With rare exceptions, philosophy has historically portrayed the body adversely: prison of the soul, impediment to morality or a hurdle to knowledge and truth. In aesthetics, however, body and sensibility have always been key issues from its earliest times – namely, when aesthetics became a philosophical subject which dealt with questions beyond the scope of epistemology and moral. During the 18th and 19th centuries, the admissibility – not without some strain – of an organicity between the different types of art often compelled to establishing unity between them. Bodies of art denote, in this sense, multiple ways of systematizing the production of artistic objects, which take the body as a structural model. More recently, the bodies of art are taken as something wider. In a way, all arts are arts of the body. Foremost because all artistic production manifests, in some degree, the body’s potency. Moreover, from the reception perspective, all art requires a body to perceive and experience it; also, many works rely on the mobility of the body that interacts with it.

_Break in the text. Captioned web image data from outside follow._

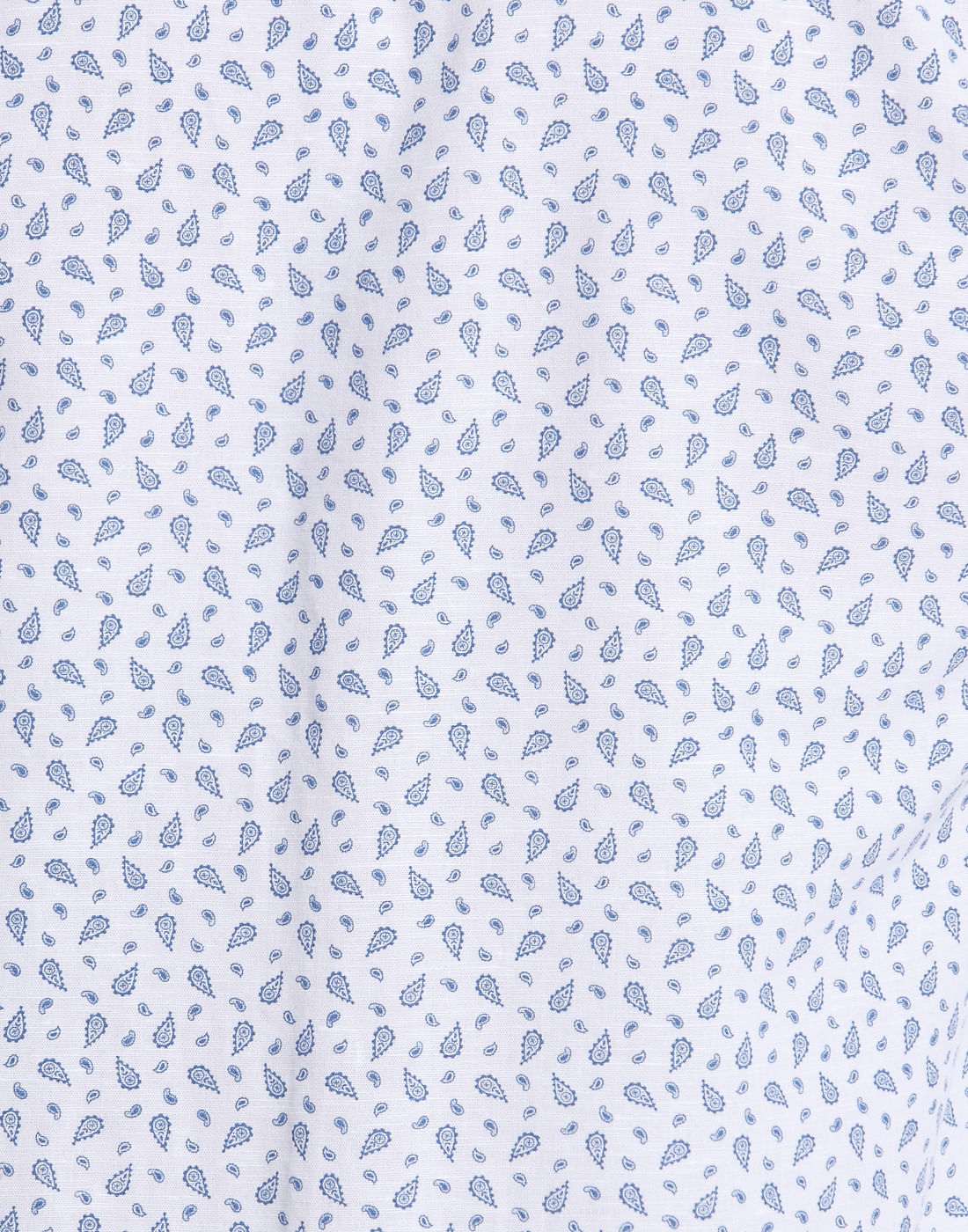 Printed Shirt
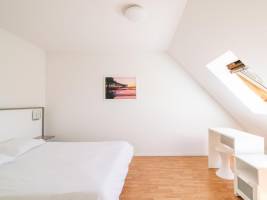 Le Domaine de la Corniche 3p6p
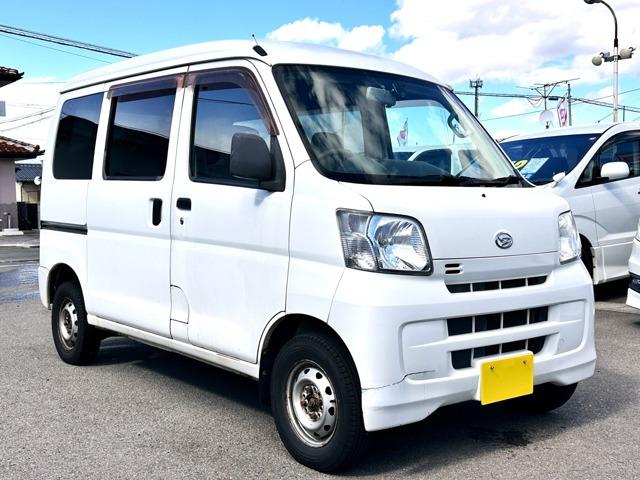 諸費用で利益を得ようなどとは一切考えておりません! 表示されているお支払総額が本当にお支払総額...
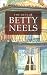The Best of Betty Neels: A Summer Idyll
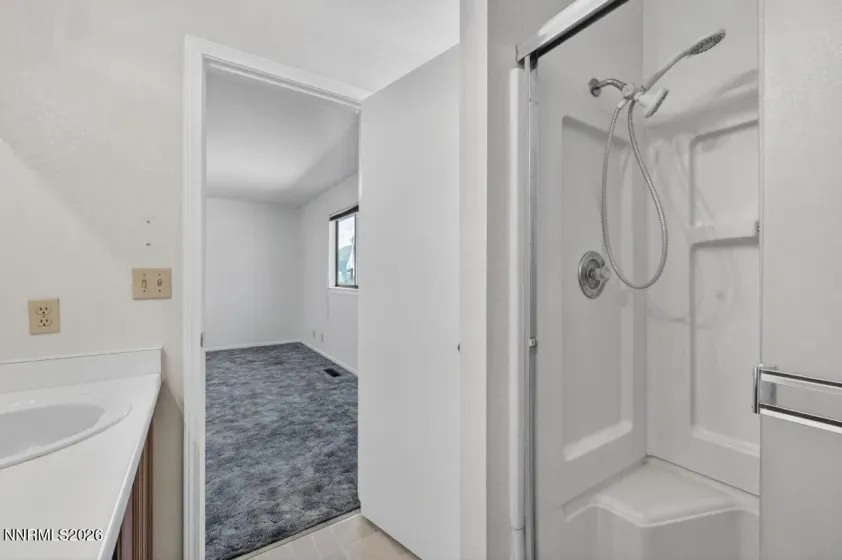 1254 Stephanie, Minden, Nevada 89423, 3 Bedrooms Bedrooms, ,2 BathroomsBathrooms,Residential,Residential,Stephanie,260004085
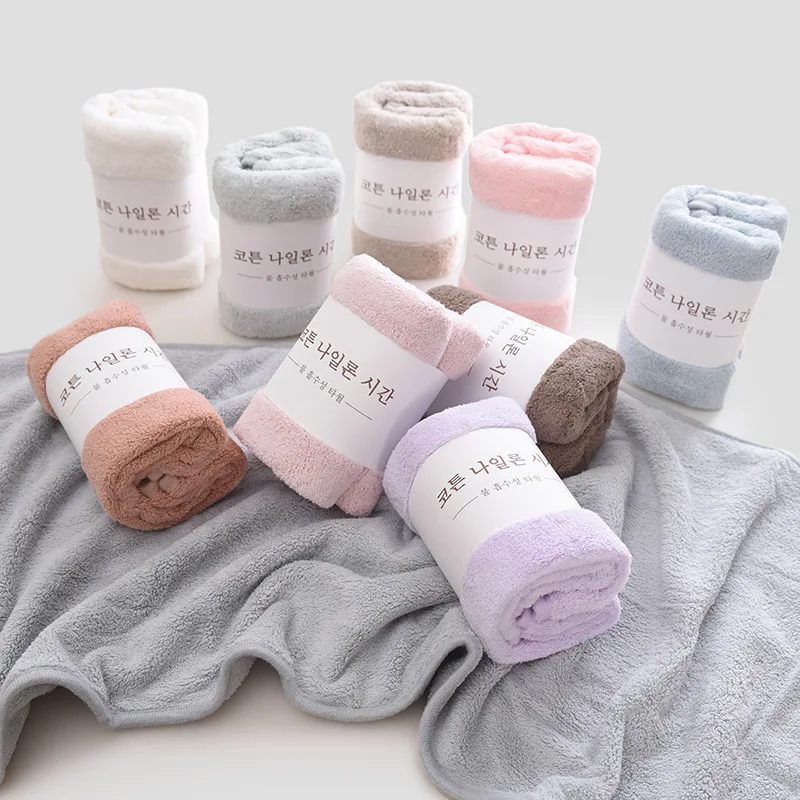 
100% polyester tea towel blank polyester tea towel white 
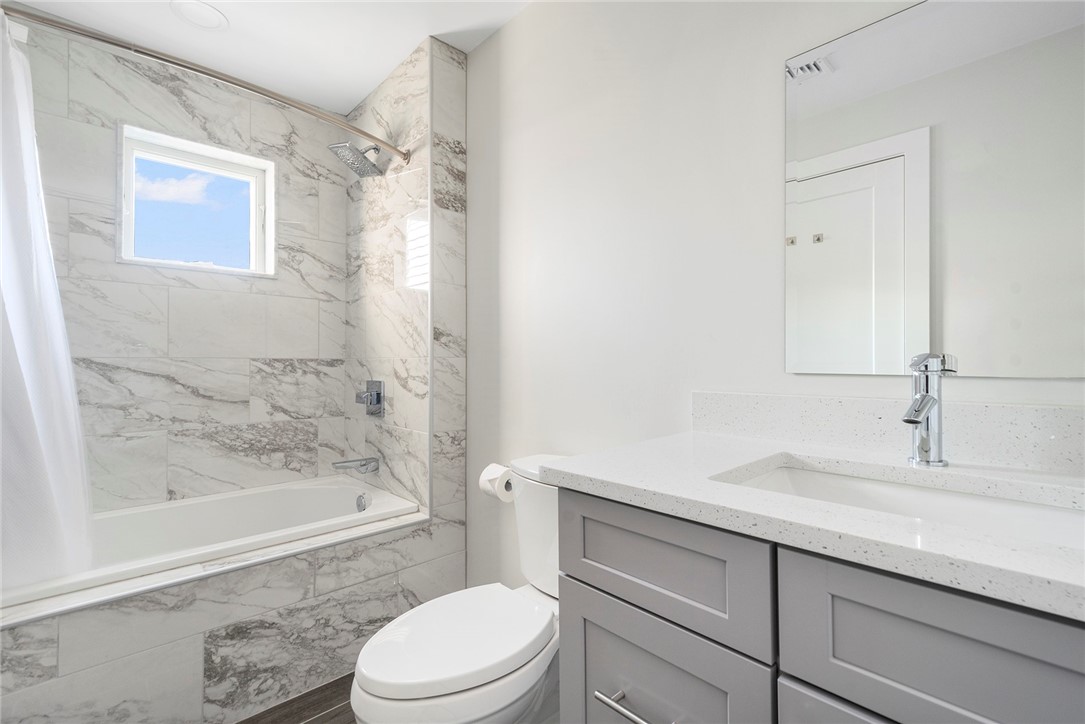 130 Gano Street Providence, RI 02906 - Photo 33 of 48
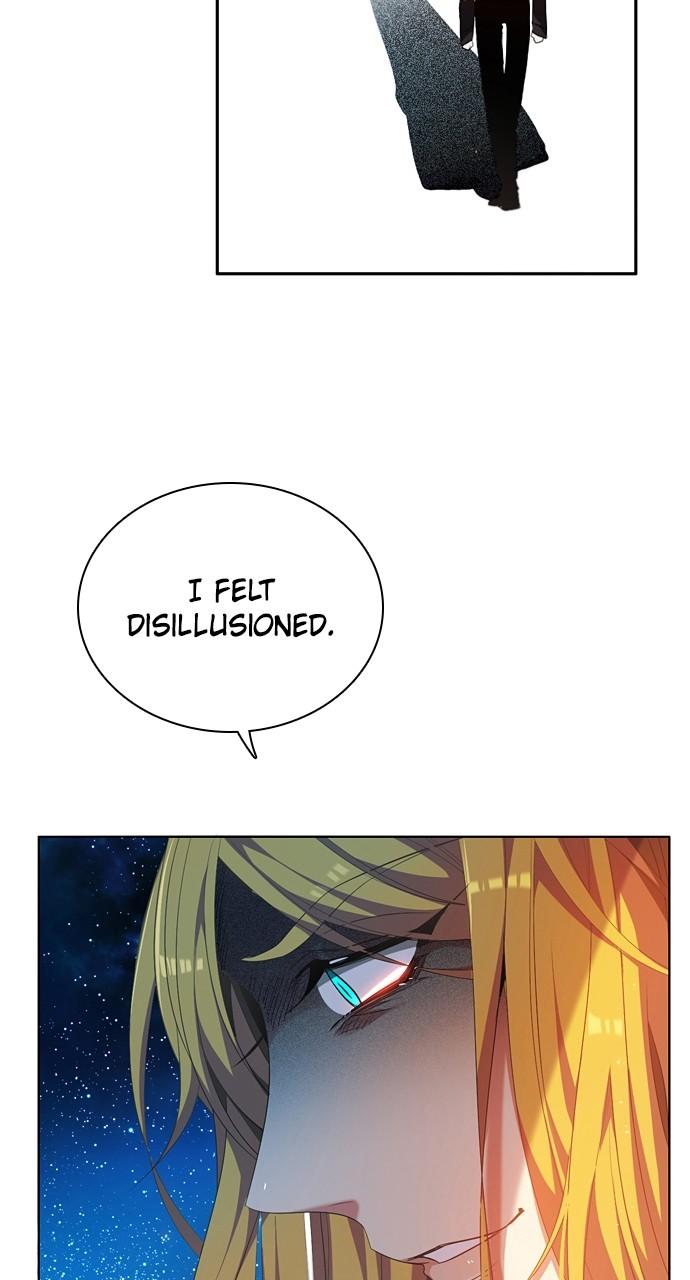 Zero Game Chap 219 - Next Chap 220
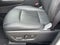 2025 Mazda Mazda CX-70 3.3 Turbo Premium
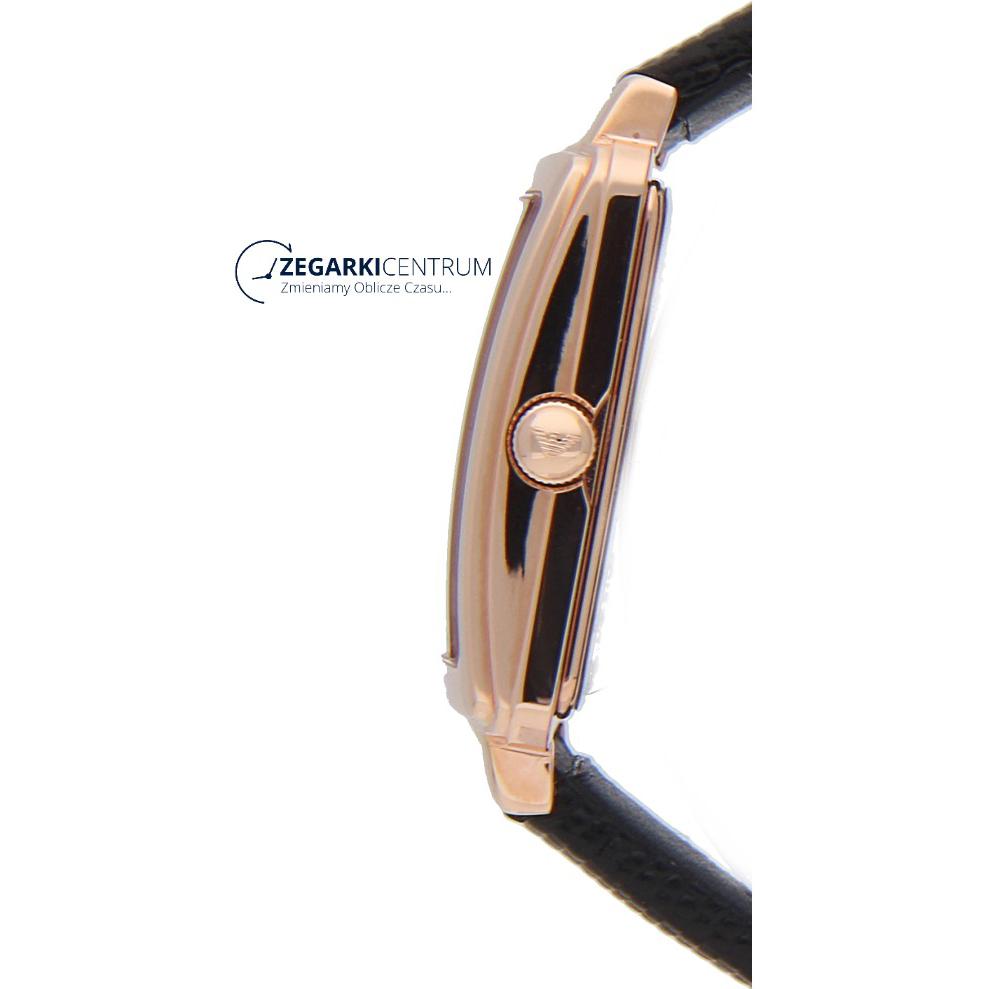 Emporio Armani CLASSICS AR11067 8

Thus, the arts of the body and the bodies of art would be, at the same time, the artistic objects, the bodies of the artists and the bodies of the public – also cocreators. As dwelling, as skin, the body is a place, a scale, an intrinsic part of the art of building spaces, cities and the planet. As a support, the body is the medium for arts and cultures. As an object and instrument of art, the body serves while indulging investigation, becoming a commodity. As art and knowledge, bodies give existence to cultures and worlds. As an organic structure, bodies are (re)organized technologically or technoartistically. As part of a wide (un)sensitization of daily life, the roles played by the bodies become a growing aesthetic provocation. 

Investigations in scenic and performing arts are flourishing and enhancing; imagetic and sound arts either shake or completely undermine the belief in a corporal identity ensured by the enthronement of physiology. Such researches take an eminent political character, as the constitution of subjectivities – which are marked by an identity supposedly based on the physiology of the bodies – is the foundation of countless control mechanisms of biopower. Therefore, to think philosophically about the relations between art and body is also a way to problematize body normatizations and naturalizations, bringing marginalized forms of corporeality to the center of the debate, be it in terms of sexuality and gender, class, race/ethnicity and territory, technology or even featuring in our many everyday life activities.

The XIV International Aesthetics – “Arts of the body, bodies of art”, will receive researches that address the main theme in its complexity and multiple perspectives, as well as the related sub-themes:

Corporeity and politics

Bodies in art

Body: gender and sexuality

Body: race and ethnicity

Decolonial thinking

Philosophy of dance, of theater or of performance

Aesthetics, sensation and (in)sensitivity

Corporealities, spatialities, temporalities

The art system

The repression of the body in philosophy

Body and art in psychoanalysis

Technical corporealities

Cultural industry

Ethics and Aesthetics

Cultures of the body and sports

Sessions

The conference consists in lectures given by invited researchers which will take place during mornings and evenings. The afternoons will be destined to presentations of previously selected papers and panels – followed by debates – not necessarily restricted to the event’s main theme (Arts of the body, bodies of art) stricto sensu, but also referencing to the above mentioned sub-themes. We expect to offer 84 presentations.